Sarei curiosa di sapere quanti oli, dichiarati extravergine, potrebbero mantenere questa categoria se diventasse “obbligatorio” mettere questi dati in etichetta…. 

Questa situazione di “non corretta informazione” per il consumatore finale crea, di conseguenza, una confusione notevole poiché, entrando in un posto a caso, diciamo un supermercato, e trovandosi di fronte una bottiglia, con scritto a caratteri cubitali “estratto a freddo” , il consumatore darà per scontato quasi sicuramente che è buono!

Raramente il consumatore si ferma infatti a leggere l’etichetta di un olio, anche perché, avendo spesso caratteri molto piccoli, è difficile da leggere per cui, se in etichetta, per esempio, non è riportato il dato dell’anno di raccolta, il consumatore rischia ingenuamente di acquistare un olio vecchio, poichè il fatto che sia dichiarato “extravergine” ed “estratto a freddo”, non garantisce che è dell’anno in corso, nè che sia extravergine davvero, garanzia che possono fornire solo gli oli a marchio certificato DOP e IGP.  

Come si può immaginare quindi i più danneggiati da questa situazione sono i piccoli produttori che, caparbiamente, continuano a produrre oli extravergine di altissima qualità.  Probabilmente questi produttori, se vendessero i propri oli al prezzo al quale dovrebbero realmente venderlo, non venderebbero abbastanza da riprendere almeno le spese e devono spesso inventarsi altre forme di reddito, magari vendendo anche altri prodotti o servizi, come gli agriturismi.

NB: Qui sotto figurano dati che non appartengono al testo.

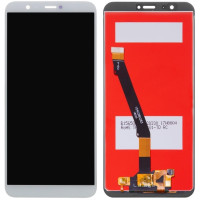 Дисплей (екран) Huawei P Smart білий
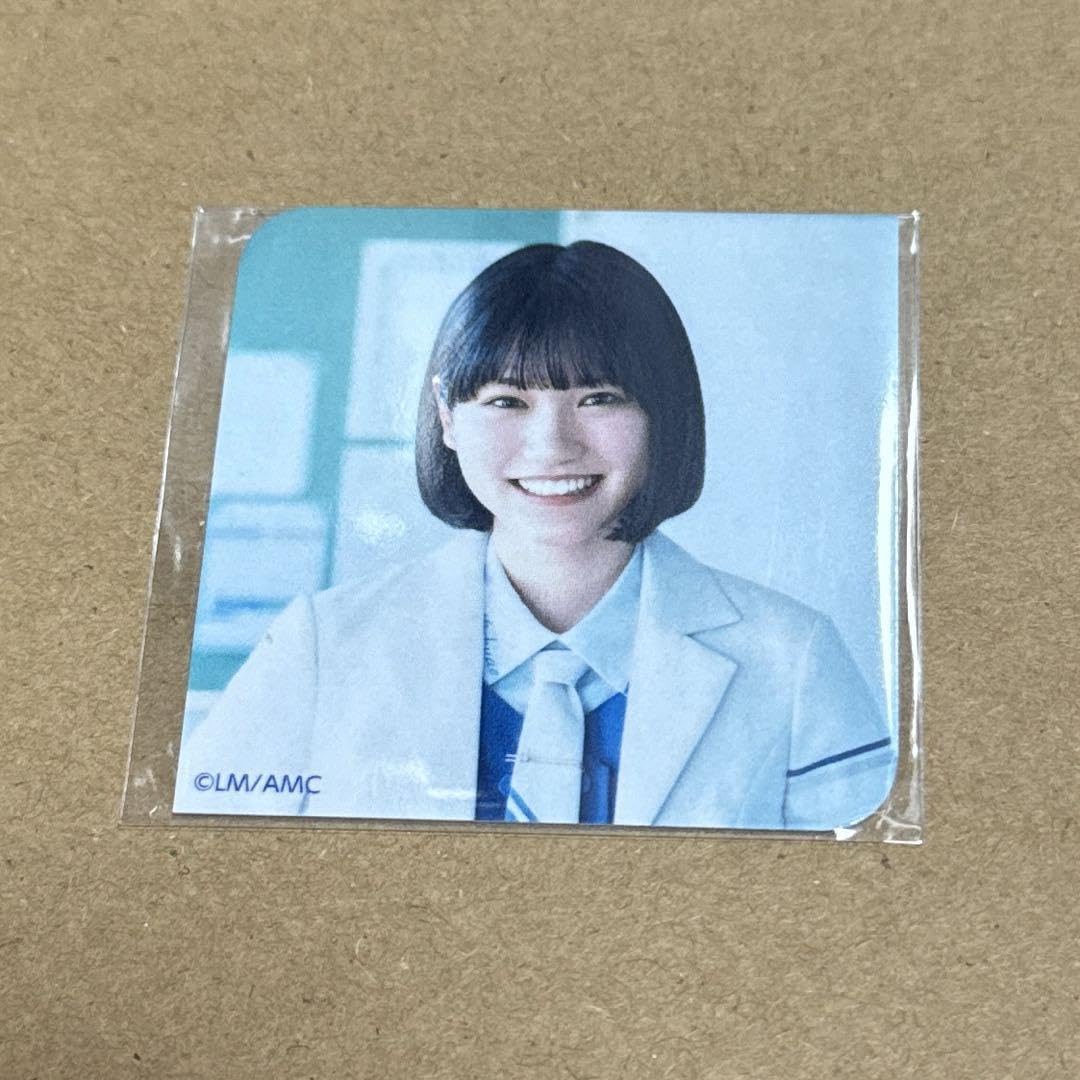 僕が見たかった青空柳堀 花怜さん直筆メッセージカード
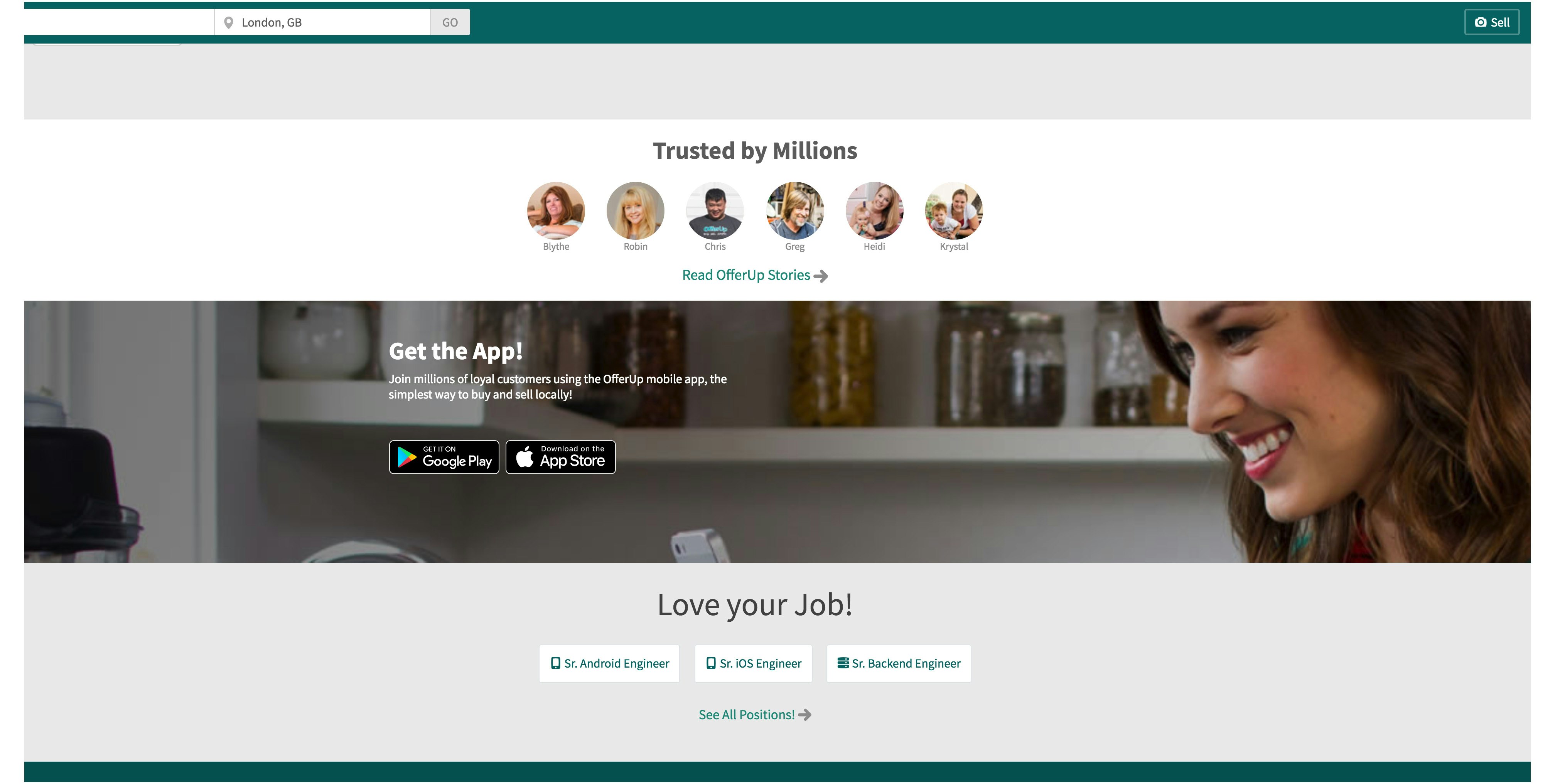 OfferUp gallery image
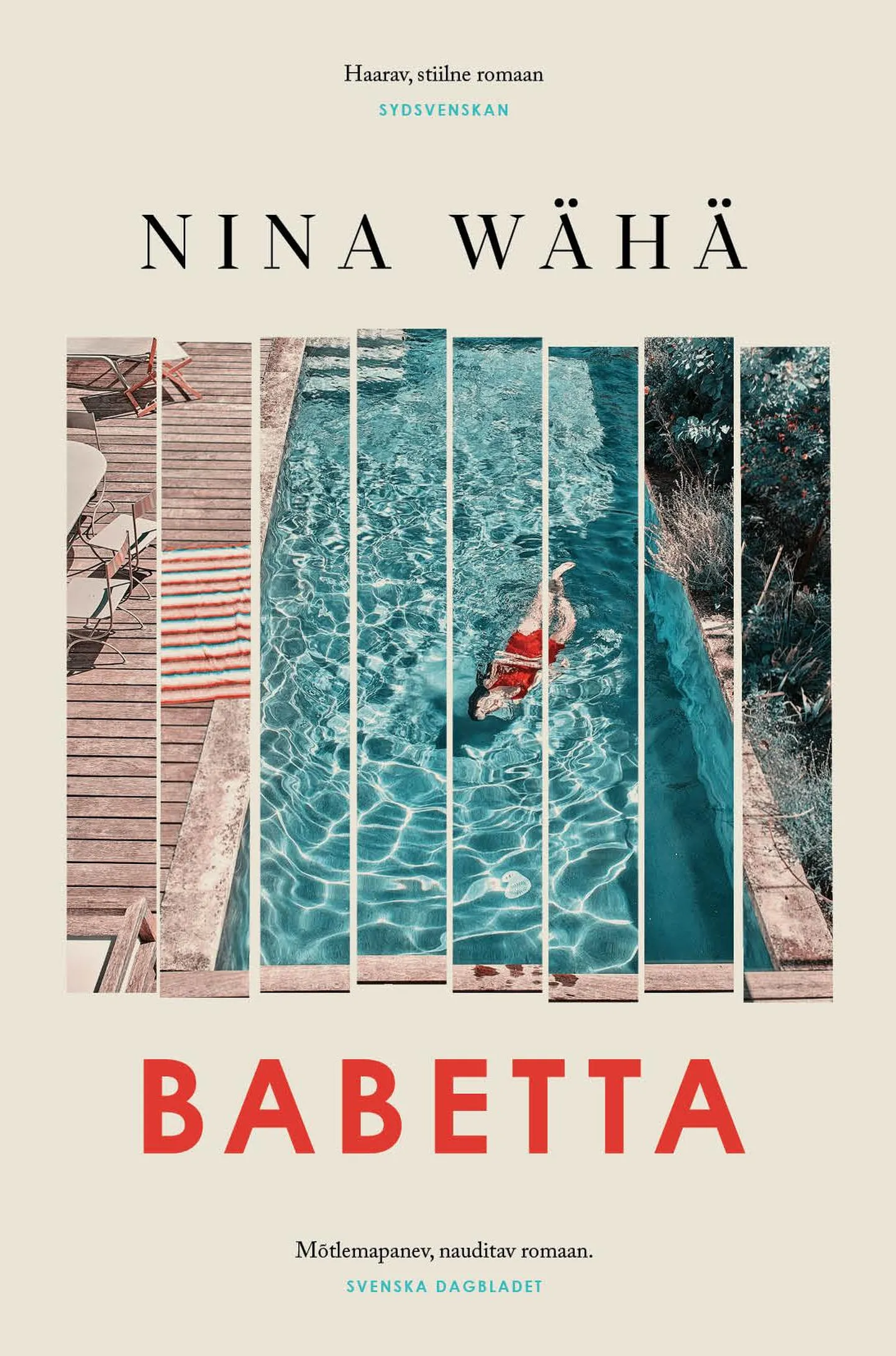 Nina Wähä "Babetta".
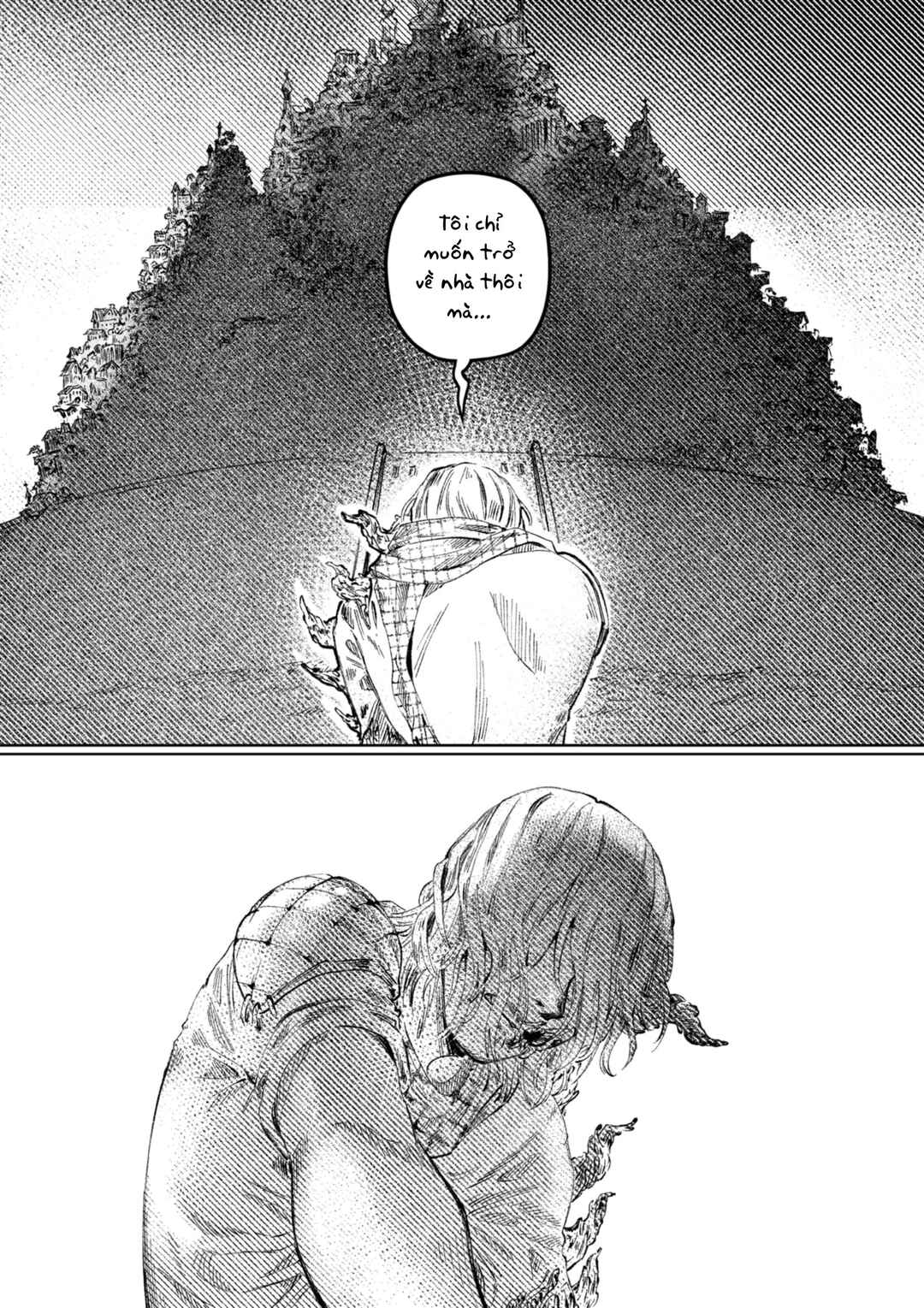 With Open Arms Chapter ? - Page 26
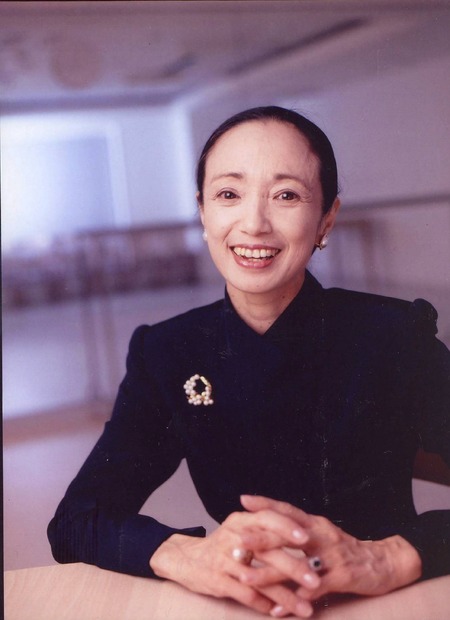 森下洋子（C）Jun Takagi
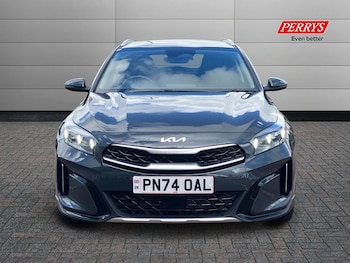 Used Kia XCeed 2024 for sale - 75904045: Photo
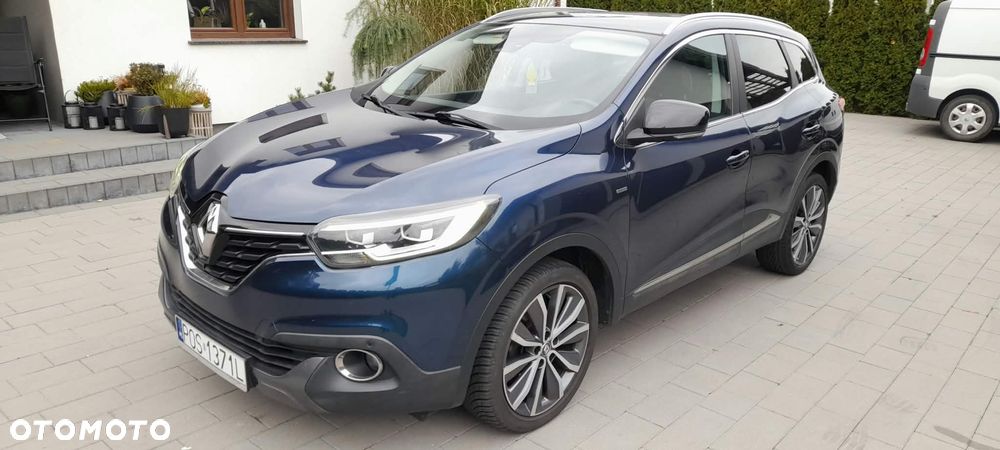Renault Kadjar Energy TCe 130 Bose Edition - 2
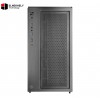 SilverStone Lucid 05 Panoramic ATX Case + Triton 850Rx 80+ Gold PSU Bundle – 270° View, 11 Fan Mounts, 410mm GPU Limit, Black SilverStone Lucid 05 Panoramic ATX Case + Triton 850Rx 80+ Gold PSU Bundle – 270° View, 11 Fan Mounts, 410mm GPU Limit, Black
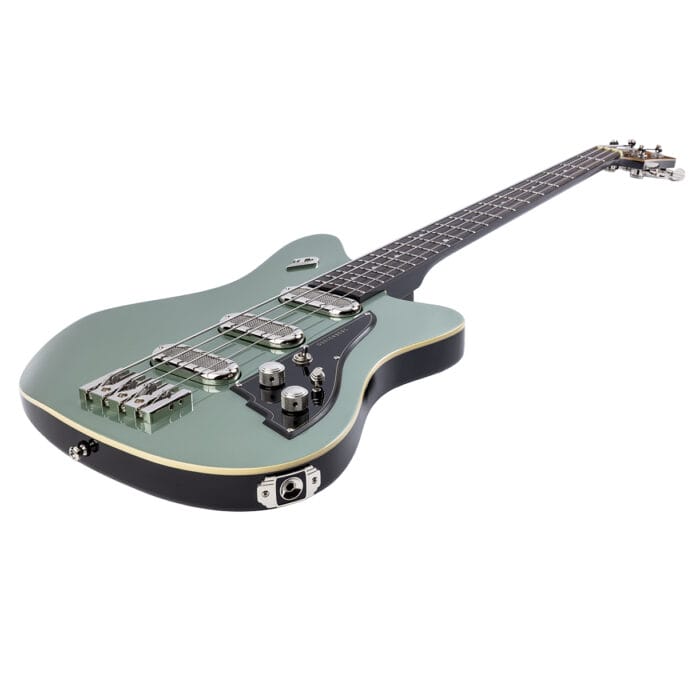 Duesenberg Triton Bass – Catalina Harbor Green – Bild 3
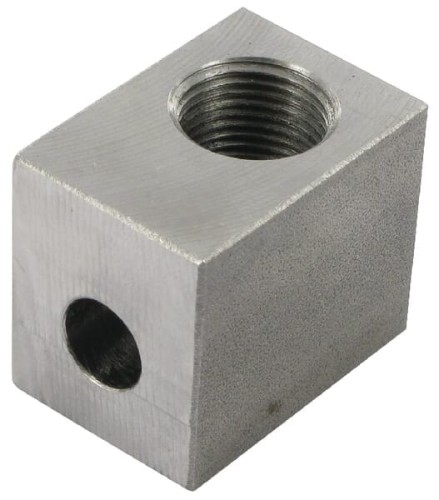 Przyłącze do wspawania 1/4" BSP 90° LSN04E90 - Intertraktor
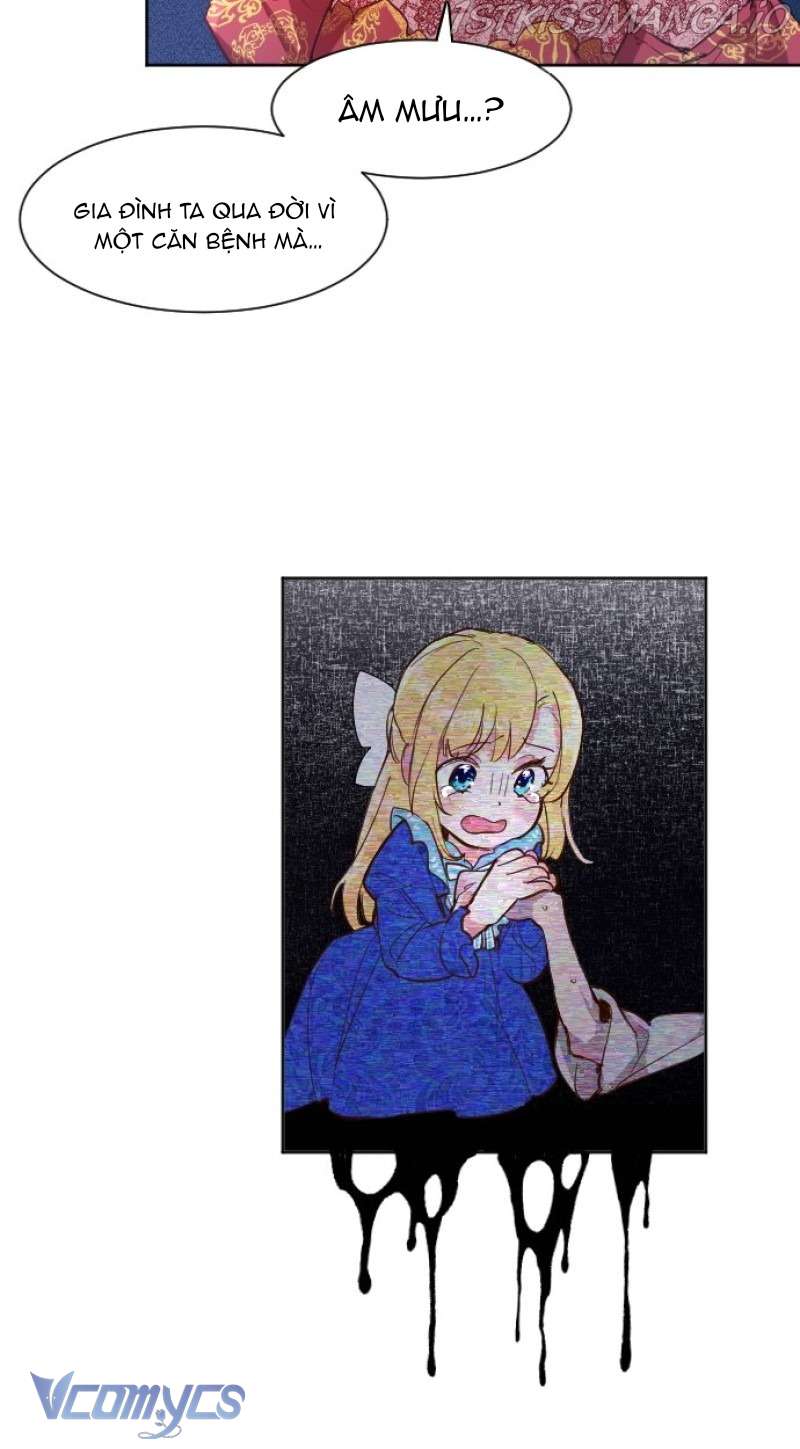 Sự Báo Thù Của Một Vị Thánh Chap 23 - Next Chap 24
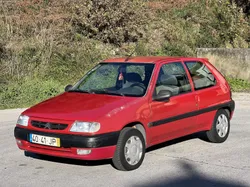 Citroën Saxo 1.1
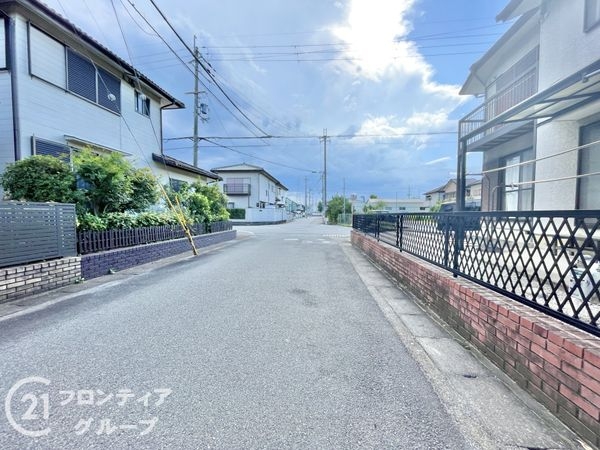 天理市西長柄町の中古一戸建て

Come un cane che si morde la coda ritorniamo quindi alla necessità urgente di fornire ai consumatori una giusta campagna informativa, per indirizzarlo verso una scelta consapevole, quella cioè di acquistare l’olio direttamente dal produttore, che potrà spiegargli di persona la differenza tra un olio difettato ed uno di qualità. 

E voi che olio preferite avere in tavola? 

Rancido ma che costa poco, oppure di qualità che rende ogni vostro piatto un successo?

Provare per credere! 

E ricordate sempre, c’è olio e olio!